The original post of “On The Road 2” was also posted on 11 January. After some comments on our stay at Askew’s Landing RV Park, Maryellen commented on how nice it sounded. It is a beautiful place, enough so that we visited again on the return trip. It is at Exit 19 of I-20, just east of Vicksburg, and is immediately off the interstate. When you come off the exit ramp, you turn north just a few yards before turning west onto the 2 ½-mile country road (Askew’s Landing Road. What else!) that takes you back to the park.
A small glimpse of the lake at Askew Landing RV Park.
There are a number of interesting aspects to the park. First, it was originally founded as the 2,000-acre Bridgeport Plantation by Duklet Askew in 1859, and is now on the National Register of Historic Places. In addition to running the plantation, he operated a ferry across the river, and managed a general store at the ferry crossing. It has remained in the family, and is now owned and operated by fifth-generation Dan Askew. On May 17, 1863, the plantation and ferry crossing of the Big Black River found themselves in the middle of the Civil War when Pemberton’s 4th Brigade was engaged by Gen. Sherman’s command of a portion of Grant’s 15th Corps as the Confederate forces retreated from Champion Hill. The ferry was of course destroyed. Follow-up engagements were fought there again on June 13 when Confederate forces unsuccessfully tried to challenge the picket line protecting Grant’s Eastern flank. A mural on the end of the picnic pavilion portrays the initial battle.
Civil War battle mural.
On the first visit, we slept high on the hill above the lake so the night’s rains wouldn’t find us stuck in soft soil. The part that caused me a little loss of sleep was the road into the park. It runs along the berm created by the earthen dam that forms the lake. It is just wide enough for a vehicle to cross in one direction at a time. The prospect of heavy rains washing out the earthen dam to leave us stranded for perhaps months before repairs could be made just kept playing in my head. Why travel a thousand miles in search of an adventure when all you need is an irrational and over-active imagination? The dam, however, has been there a long time, and the morning found everything just fine.

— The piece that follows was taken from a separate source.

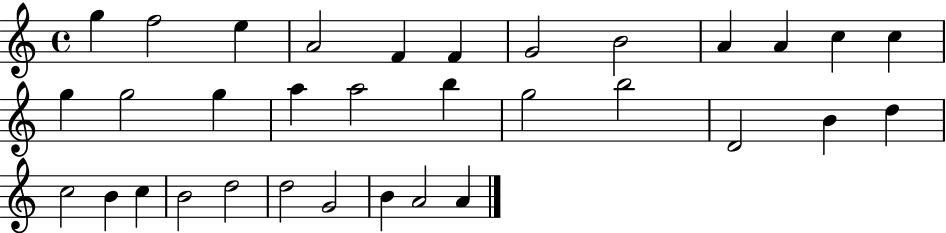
G5/q F5/h E5/q A4/h F4/q F4/q G4/h B4/h A4/q A4/q C5/q C5/q G5/q G5/h G5/q A5/q A5/h B5/q G5/h B5/h D4/h B4/q D5/q C5/h B4/q C5/q B4/h D5/h D5/h G4/h B4/q A4/h A4/q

The park is not just owned by family, but everyone who visits is made to feel like family, and when we checked in, I spent a nice interlude in the office discussing canoeing, the river, and comparing paddling trips.
A Chinese Goose quite at home in a light drizzle.
Vicksburg is a very historical area on the banks of the Mississippi, and if you find yourself in the area, Askew’s would be an equally wonderful spot to spend some time and relax.